Enhancing DNA Foundation Models to Address Masking Inefficiencies
Monireh Safari, Pablo Millan Arias, Scott C. Lowe, Lila Kari, Angel X. Chang, Graham W. Taylor
TL;DR
DNA foundation models pretrained with masked language modeling suffer from distribution shift when [MASK] tokens are absent at inference time. BarcodeMAE addresses this by adopting an encoder-decoder masked autoencoder where the encoder omits [MASK] tokens and the decoder reconstructs them, aligning pretraining with downstream inference. Pretrained on BIOSCAN-5M, BarcodeMAE achieves strong genus-level classification gains and a robust harmonic mean across closed- and open-world tasks, illustrating the benefit of domain-specific architectural choices over conventional encoder-only MLM approaches. The work highlights the importance of matching training objectives to real-use scenarios in genomic sequence analysis and provides a practical, scalable approach for DNA barcode representation learning.
Abstract
Masked language modelling (MLM) as a pretraining objective has been widely adopted in genomic sequence modelling.
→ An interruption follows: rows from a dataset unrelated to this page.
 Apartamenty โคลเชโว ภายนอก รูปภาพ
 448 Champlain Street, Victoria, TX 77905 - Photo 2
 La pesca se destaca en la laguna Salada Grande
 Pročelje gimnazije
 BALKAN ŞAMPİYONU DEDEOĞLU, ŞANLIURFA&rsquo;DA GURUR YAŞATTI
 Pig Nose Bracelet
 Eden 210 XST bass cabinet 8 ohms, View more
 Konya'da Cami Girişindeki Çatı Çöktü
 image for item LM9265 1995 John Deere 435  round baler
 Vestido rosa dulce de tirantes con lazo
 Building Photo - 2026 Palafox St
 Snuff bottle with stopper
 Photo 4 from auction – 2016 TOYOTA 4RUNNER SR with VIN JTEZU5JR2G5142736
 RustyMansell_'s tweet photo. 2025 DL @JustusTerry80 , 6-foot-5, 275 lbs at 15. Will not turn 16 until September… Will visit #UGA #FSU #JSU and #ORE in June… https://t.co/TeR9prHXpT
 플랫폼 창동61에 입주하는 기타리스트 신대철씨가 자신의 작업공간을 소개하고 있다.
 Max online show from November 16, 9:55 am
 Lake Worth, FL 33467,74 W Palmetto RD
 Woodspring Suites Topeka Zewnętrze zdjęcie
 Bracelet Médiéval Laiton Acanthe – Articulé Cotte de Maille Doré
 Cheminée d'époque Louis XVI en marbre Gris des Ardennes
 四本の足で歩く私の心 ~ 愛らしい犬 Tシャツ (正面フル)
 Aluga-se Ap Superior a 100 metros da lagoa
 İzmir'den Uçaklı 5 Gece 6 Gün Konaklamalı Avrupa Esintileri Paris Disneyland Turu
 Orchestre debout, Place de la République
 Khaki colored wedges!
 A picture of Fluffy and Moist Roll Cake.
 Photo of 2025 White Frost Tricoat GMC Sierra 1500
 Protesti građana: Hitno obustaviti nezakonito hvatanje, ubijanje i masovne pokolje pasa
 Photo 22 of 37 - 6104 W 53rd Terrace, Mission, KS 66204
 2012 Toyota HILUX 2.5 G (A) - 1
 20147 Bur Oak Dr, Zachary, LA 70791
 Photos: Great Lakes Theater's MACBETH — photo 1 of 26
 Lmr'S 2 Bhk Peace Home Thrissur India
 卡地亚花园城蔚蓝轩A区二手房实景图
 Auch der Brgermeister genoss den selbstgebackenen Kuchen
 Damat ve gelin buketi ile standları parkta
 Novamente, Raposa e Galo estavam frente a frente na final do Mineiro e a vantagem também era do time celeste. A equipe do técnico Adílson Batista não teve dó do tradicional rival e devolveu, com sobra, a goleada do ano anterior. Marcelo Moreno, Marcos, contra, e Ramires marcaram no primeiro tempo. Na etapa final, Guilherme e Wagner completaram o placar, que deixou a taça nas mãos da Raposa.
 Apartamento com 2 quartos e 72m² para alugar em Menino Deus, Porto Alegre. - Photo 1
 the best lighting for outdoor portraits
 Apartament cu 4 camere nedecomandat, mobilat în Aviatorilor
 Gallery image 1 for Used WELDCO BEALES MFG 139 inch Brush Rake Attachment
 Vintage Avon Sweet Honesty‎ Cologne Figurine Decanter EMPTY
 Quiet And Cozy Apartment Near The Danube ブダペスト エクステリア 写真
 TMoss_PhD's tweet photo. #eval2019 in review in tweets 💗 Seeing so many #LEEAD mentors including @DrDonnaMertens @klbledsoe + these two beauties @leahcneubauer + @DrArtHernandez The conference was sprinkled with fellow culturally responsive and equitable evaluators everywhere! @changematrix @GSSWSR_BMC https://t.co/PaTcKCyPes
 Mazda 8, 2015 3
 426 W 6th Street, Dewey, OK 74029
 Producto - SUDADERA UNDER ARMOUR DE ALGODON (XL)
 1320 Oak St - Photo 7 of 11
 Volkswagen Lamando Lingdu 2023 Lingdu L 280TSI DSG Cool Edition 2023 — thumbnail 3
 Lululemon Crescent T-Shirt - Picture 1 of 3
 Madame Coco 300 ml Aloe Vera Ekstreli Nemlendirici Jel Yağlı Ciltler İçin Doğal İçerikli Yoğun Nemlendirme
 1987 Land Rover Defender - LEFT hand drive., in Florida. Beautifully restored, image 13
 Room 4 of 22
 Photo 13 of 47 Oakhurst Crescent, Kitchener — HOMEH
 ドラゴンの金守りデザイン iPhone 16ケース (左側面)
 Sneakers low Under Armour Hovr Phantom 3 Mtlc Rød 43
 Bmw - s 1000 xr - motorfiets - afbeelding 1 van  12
While pretrained models can successfully serve as encoders for various downstream tasks, the distribution shift between pretraining and inference detrimentally impacts performance, as the pretraining task is to map [MASK] tokens to predictions, yet the [MASK] is absent during downstream applications. This means the encoder does not prioritize its encodings of non-[MASK] tokens, and expends parameters and compute on work only relevant to the MLM task, despite this being irrelevant at deployment time. In this work, we propose a modified encoder-decoder architecture based on the masked autoencoder framework, designed to address this inefficiency within a BERT-based transformer. We empirically show that the resulting mismatch is particularly detrimental in genomic pipelines where models are often used for feature extraction without fine-tuning. We evaluate our approach on the BIOSCAN-5M dataset, comprising over 2 million unique DNA barcodes. We achieve substantial performance gains in both closed-world and open-world classification tasks when compared against causal models and bidirectional architectures pretrained with MLM tasks.